LOS ANGELES (CNS) – The National Transportation Safety Board today said it would help Mexican authorities investigate the crash of a Learjet believed to have been carrying Mexican “banda” singer Jenni Rivera — a Long Beach native and often-time Los Angeles resident.
“We’re going to provide technical assistance,” said Terry Williams of the NTSB. “It’s not our investigation.”
The airplane disappeared from radar near Monterrey in northern Mexico on Sunday, and no survivors were found in the wreckage, a Monterrey television affiliate reported.
Rivera, 43, was a Long Beach native whose records dominated the “banda” style of regional Mexican music popular in California and northwestern Mexico. She was one of the biggest stars on Mexico television and popular on “regional Mexican” stations in California.
Searchers late Sunday found wreckage, but no survivors, near Iturbide, Nuevo Leon, according to the city’s mayor, who was quoted on the Televisa station in Monterrey. Iturbide is 60 miles from Monterrey.
The plane was owned by a Las Vegas company, Starlight Management, and it had departed earlier from Houston, according to an internet flight tracking service. It crashed after leaving Monterrey after a concert at 3:15 a.m. while headed to an airport near Mexico City.
“Everything suggests, with the evidence that’s been found, that it was the airplane that the singer Jenni Rivera was traveling in,” Gerardo Ruiz Esparza, Mexico’s secretary of communications and transportation, said in remarks quoted by the Los Angeles Times.
Of the crash site, Ruiz said: “Everything is destroyed.

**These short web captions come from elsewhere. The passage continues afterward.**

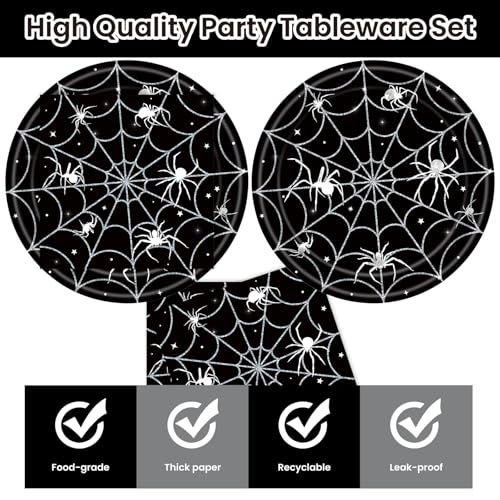 40Pcs Halloween Paper Plates and Napkins Party Supplies (40 Count)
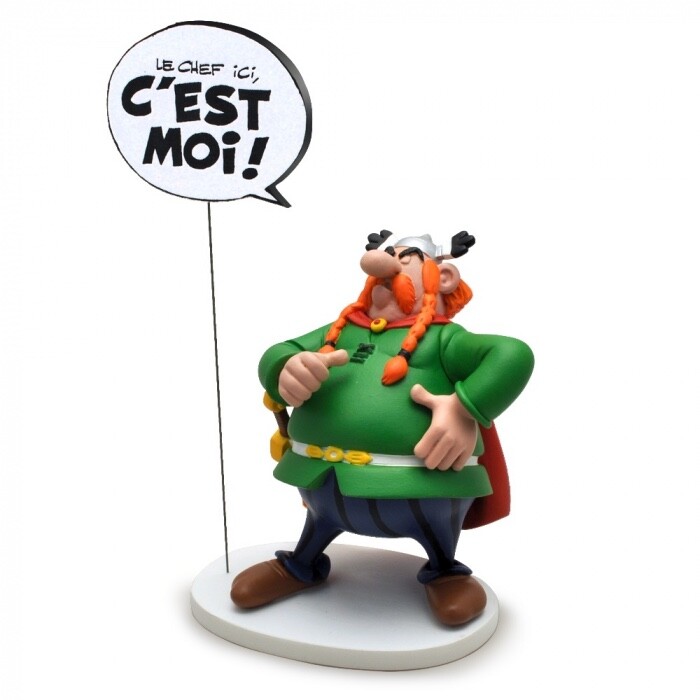 Statuette Abraracourcix Plastoy en résine de la collection Bulles Astérix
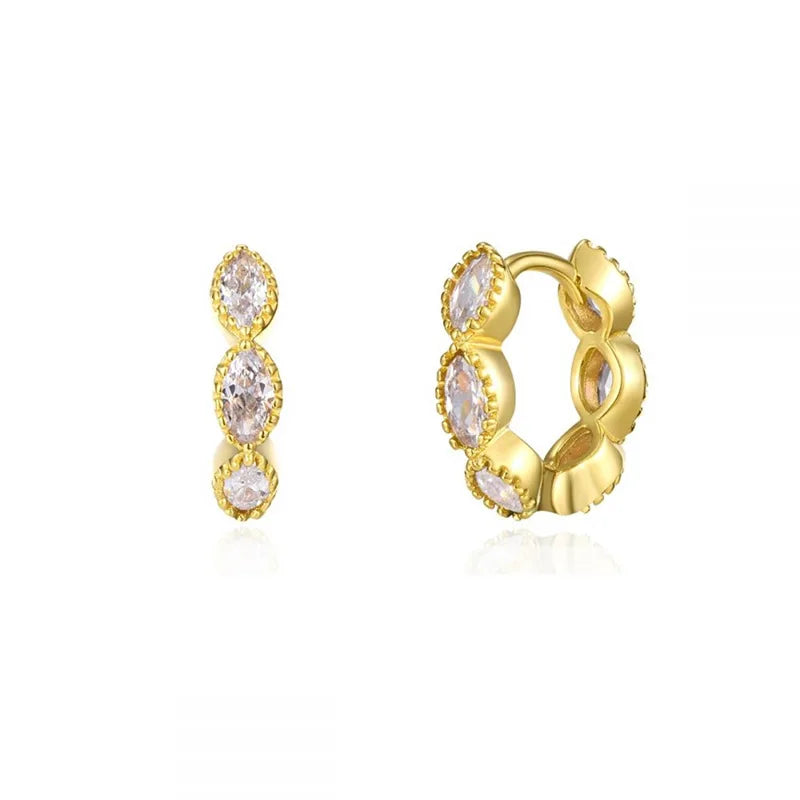 New Design Stainless Steel Zirconia Hoop Earrings Gold Colour Pendant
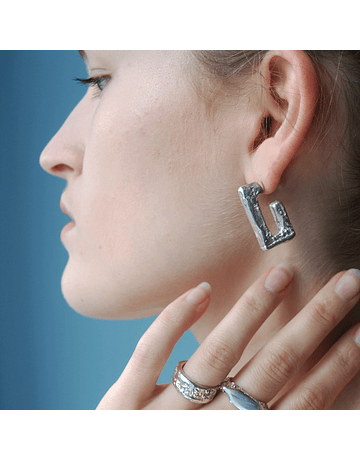 3/4 rectangle textured earrings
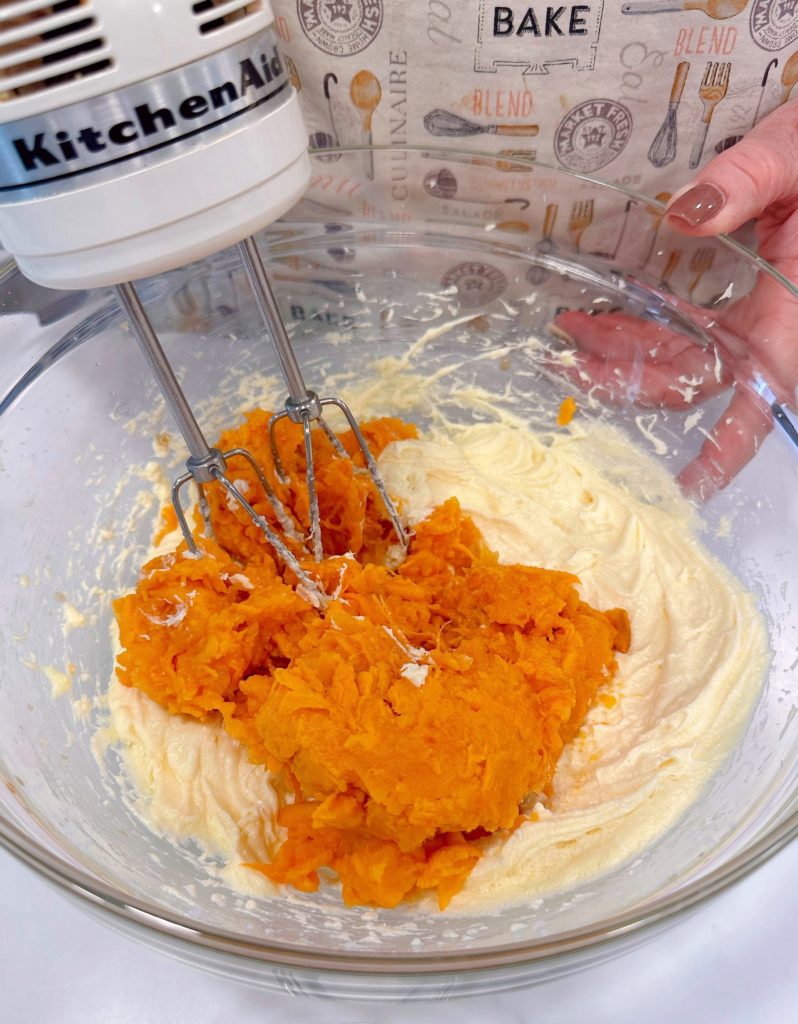 Add sweet potato to the wet ingredients.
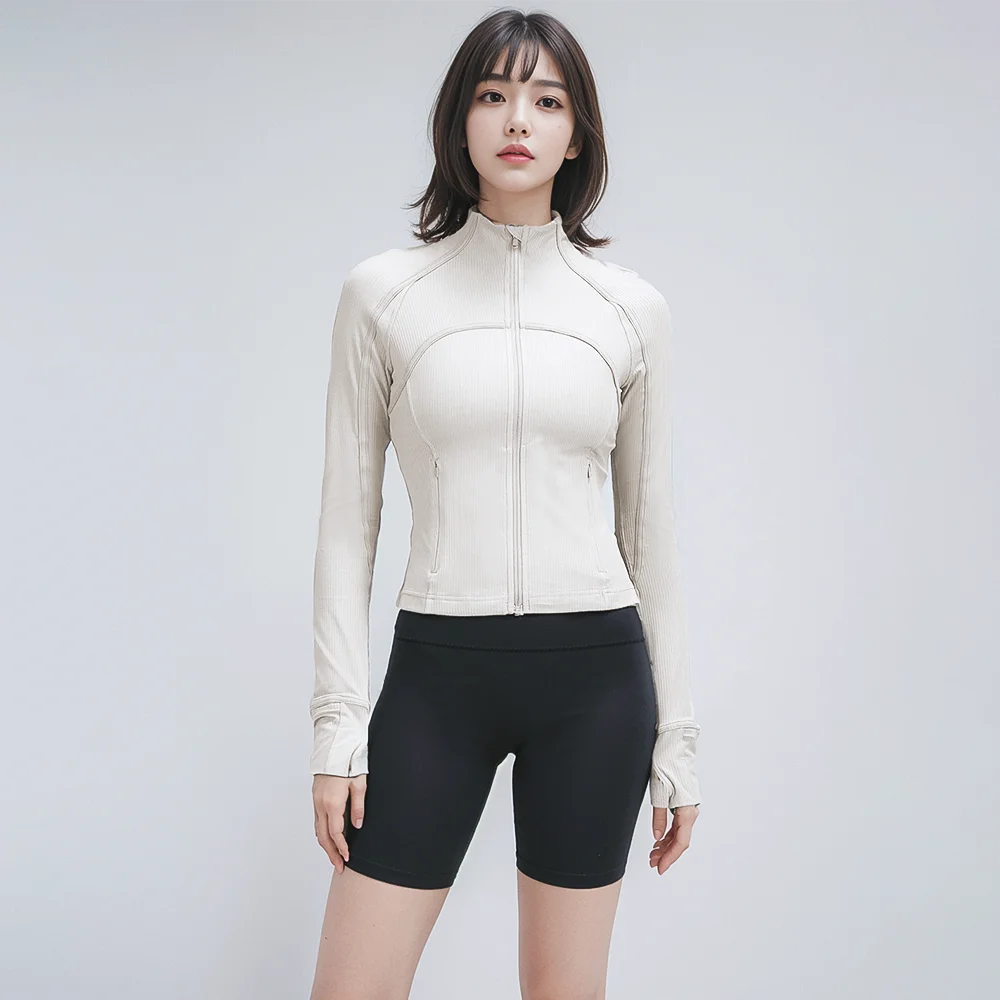 Yoga Wear Women's Sports Jacket Ribbed Jacket with Stand-Up Collar Breathable Nylon High-Elastic Slim Fit Running Sun Protection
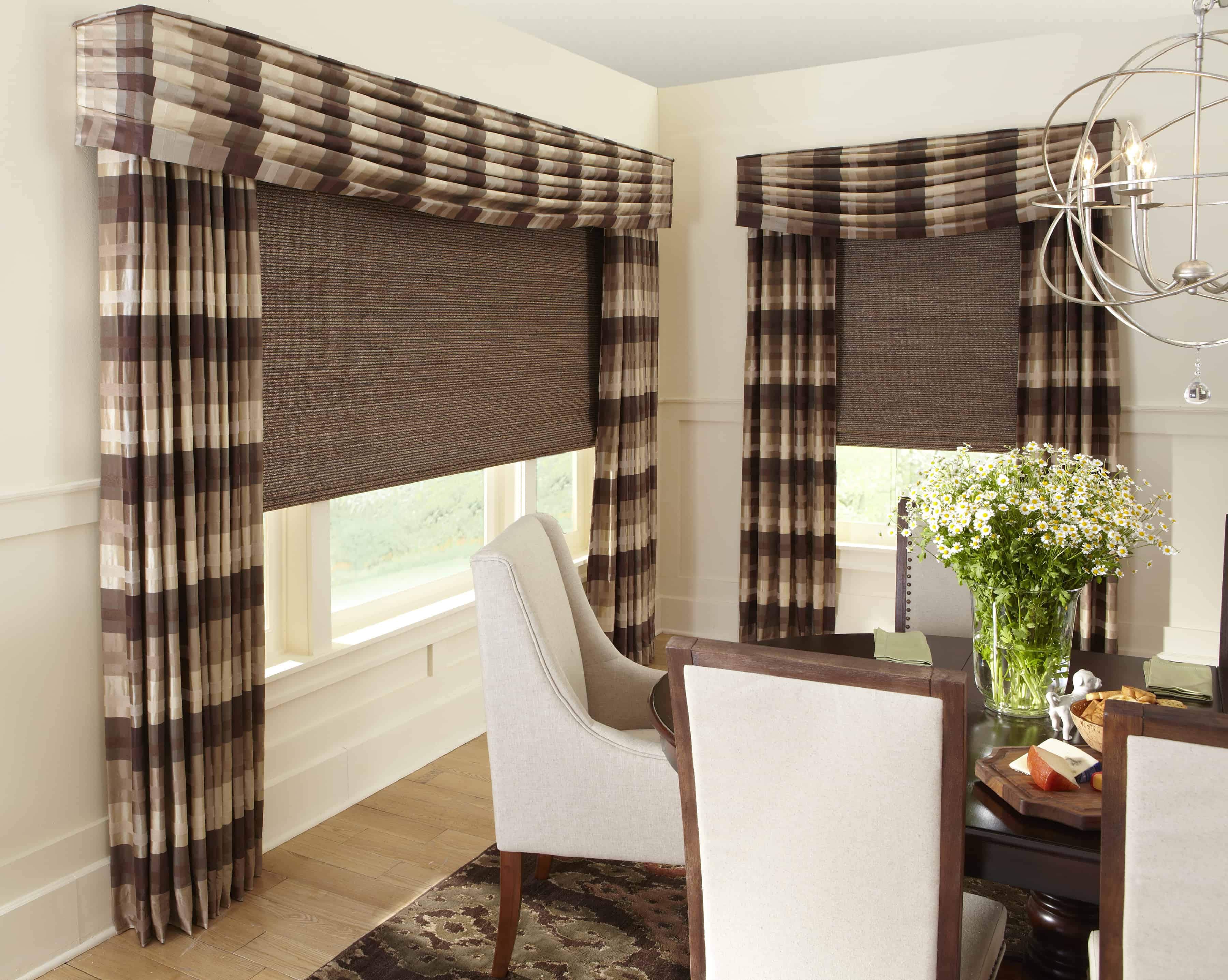 plaid patten draperies in dining room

Nothing is recognizable.” Two pilots and six other people were on board, according to The Times.
The news hit Southland Rivera fans hard.
“She was a great singer, a great mother,” Jovana Ramirez told ABC7 outside Rivera’s Encino estate. “Everything for her was just fantastic.”
Young fan Briana Camacho remembered Rivera to ABC7 as funny and “a person not just famous, but she’s normal, like other people.”